Look through the material below. Return exactly the lines from the one with "Large Capacity Women" through the one with "Balenciaga Women's Hourglass", both included.

Material supplied:
═══

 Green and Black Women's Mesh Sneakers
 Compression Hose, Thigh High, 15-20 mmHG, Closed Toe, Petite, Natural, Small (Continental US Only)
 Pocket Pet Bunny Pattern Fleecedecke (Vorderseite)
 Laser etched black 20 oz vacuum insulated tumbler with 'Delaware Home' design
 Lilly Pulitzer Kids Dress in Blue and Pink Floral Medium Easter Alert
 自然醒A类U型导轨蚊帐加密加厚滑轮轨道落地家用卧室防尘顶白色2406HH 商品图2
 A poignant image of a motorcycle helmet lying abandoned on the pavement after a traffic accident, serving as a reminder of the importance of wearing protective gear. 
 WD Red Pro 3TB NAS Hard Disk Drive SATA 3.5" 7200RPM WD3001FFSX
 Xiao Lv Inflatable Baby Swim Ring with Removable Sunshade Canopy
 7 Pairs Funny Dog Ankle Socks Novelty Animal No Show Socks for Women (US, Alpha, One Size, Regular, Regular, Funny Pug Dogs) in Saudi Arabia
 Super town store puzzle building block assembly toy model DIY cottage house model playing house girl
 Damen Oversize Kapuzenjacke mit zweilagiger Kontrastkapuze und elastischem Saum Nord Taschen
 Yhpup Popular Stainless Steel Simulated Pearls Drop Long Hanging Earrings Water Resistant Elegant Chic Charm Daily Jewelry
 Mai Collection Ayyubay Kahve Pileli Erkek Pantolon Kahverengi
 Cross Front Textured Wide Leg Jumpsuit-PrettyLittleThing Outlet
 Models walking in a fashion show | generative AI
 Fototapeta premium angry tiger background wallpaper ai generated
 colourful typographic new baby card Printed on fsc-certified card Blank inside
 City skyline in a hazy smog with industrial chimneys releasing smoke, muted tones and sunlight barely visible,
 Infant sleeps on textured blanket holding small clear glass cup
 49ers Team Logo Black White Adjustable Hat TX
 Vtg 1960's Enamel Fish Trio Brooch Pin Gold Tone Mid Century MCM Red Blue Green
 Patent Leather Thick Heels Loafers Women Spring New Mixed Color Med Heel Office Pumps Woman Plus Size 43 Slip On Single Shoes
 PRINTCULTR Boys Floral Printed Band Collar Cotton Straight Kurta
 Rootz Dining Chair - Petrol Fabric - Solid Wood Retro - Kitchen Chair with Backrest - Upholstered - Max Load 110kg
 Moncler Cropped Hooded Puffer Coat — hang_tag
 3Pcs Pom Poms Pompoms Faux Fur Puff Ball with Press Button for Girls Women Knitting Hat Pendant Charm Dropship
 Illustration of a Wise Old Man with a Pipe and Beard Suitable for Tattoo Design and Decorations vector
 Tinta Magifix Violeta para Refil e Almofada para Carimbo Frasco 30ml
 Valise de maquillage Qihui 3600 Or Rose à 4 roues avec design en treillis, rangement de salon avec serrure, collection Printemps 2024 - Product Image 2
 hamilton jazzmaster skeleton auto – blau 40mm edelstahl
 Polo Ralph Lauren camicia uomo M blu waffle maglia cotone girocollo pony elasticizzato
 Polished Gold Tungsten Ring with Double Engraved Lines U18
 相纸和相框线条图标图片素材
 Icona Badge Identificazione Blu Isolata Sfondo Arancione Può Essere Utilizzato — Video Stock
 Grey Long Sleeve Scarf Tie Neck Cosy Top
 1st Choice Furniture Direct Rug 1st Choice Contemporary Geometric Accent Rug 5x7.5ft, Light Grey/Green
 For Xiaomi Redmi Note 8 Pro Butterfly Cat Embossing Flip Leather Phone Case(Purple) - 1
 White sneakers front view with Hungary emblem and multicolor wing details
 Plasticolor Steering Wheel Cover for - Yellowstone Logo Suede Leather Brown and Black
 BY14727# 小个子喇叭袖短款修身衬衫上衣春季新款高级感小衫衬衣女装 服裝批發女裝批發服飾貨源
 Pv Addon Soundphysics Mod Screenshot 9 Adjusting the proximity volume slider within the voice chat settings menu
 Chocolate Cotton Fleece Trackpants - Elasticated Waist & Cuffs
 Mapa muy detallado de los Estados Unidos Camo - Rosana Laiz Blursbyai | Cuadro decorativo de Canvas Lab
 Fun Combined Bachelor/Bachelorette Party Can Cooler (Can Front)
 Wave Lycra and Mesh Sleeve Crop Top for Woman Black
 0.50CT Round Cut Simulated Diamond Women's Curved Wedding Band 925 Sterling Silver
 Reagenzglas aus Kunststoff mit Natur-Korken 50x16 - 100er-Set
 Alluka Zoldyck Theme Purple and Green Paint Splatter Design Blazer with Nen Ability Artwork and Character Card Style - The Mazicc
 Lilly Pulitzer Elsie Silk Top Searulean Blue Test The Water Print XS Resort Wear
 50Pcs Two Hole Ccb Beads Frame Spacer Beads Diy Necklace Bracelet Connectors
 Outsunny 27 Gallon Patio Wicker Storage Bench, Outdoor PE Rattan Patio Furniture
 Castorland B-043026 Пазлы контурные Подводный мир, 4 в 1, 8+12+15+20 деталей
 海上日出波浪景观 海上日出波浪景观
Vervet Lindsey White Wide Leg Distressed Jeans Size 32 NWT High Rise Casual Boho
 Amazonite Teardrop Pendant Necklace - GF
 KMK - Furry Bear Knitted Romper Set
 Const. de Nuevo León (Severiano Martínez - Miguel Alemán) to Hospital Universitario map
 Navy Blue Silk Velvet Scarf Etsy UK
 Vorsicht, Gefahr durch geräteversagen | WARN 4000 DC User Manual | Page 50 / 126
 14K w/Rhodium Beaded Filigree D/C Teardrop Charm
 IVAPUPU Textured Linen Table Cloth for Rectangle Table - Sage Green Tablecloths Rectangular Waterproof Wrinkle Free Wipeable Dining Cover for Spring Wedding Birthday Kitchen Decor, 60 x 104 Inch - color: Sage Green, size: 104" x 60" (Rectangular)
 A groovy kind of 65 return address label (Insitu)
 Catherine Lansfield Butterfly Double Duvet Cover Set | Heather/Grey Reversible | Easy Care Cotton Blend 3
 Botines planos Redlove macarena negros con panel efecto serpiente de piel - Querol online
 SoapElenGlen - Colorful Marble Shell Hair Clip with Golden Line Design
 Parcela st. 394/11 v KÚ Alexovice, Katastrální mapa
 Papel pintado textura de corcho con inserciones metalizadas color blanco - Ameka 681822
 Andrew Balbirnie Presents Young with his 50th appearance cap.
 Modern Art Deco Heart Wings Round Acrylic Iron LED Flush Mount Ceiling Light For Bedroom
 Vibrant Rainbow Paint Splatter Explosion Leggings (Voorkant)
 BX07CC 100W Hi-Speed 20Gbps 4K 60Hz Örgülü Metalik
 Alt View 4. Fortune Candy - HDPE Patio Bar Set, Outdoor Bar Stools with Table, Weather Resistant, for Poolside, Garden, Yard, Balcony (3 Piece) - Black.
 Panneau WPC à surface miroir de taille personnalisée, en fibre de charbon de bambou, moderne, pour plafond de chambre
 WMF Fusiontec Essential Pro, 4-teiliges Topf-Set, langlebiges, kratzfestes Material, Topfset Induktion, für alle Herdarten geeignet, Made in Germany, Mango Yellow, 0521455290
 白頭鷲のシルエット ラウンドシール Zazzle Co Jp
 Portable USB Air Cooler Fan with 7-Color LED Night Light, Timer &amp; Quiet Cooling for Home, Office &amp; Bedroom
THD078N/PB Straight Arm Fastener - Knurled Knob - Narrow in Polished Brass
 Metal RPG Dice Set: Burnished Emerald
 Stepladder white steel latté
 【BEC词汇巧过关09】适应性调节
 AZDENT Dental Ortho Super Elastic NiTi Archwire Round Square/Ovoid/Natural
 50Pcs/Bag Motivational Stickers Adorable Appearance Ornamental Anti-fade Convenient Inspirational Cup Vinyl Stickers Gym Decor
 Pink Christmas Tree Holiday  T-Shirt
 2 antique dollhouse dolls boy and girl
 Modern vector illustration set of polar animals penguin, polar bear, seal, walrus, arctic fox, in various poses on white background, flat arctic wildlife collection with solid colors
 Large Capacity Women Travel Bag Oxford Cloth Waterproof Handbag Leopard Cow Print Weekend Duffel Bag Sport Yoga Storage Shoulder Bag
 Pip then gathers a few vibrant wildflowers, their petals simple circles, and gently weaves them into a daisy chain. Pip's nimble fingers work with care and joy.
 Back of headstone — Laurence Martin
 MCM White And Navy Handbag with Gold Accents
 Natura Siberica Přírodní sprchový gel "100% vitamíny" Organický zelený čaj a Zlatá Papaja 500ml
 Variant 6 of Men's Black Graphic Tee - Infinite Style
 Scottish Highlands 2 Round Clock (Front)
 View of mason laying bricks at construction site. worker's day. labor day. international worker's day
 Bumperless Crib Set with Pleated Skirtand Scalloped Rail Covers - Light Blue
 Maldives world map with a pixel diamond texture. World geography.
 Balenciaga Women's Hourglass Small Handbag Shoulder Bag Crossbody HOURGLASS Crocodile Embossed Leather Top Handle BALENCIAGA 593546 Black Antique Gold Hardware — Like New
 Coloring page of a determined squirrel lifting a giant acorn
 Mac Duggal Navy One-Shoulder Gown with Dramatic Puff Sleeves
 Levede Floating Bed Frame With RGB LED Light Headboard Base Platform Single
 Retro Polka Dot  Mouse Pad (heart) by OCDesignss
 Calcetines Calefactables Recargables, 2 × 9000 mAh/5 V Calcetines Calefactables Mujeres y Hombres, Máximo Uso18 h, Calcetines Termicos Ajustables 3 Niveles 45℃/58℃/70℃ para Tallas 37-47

═══

Exercise answer:
 Large Capacity Women Travel Bag Oxford Cloth Waterproof Handbag Leopard Cow Print Weekend Duffel Bag Sport Yoga Storage Shoulder Bag
 Pip then gathers a few vibrant wildflowers, their petals simple circles, and gently weaves them into a daisy chain. Pip's nimble fingers work with care and joy.
 Back of headstone — Laurence Martin
 MCM White And Navy Handbag with Gold Accents
 Natura Siberica Přírodní sprchový gel "100% vitamíny" Organický zelený čaj a Zlatá Papaja 500ml
 Variant 6 of Men's Black Graphic Tee - Infinite Style
 Scottish Highlands 2 Round Clock (Front)
 View of mason laying bricks at construction site. worker's day. labor day. international worker's day
 Bumperless Crib Set with Pleated Skirtand Scalloped Rail Covers - Light Blue
 Maldives world map with a pixel diamond texture. World geography.
 Balenciaga Women's Hourglass Small Handbag Shoulder Bag Crossbody HOURGLASS Crocodile Embossed Leather Top Handle BALENCIAGA 593546 Black Antique Gold Hardware — Like New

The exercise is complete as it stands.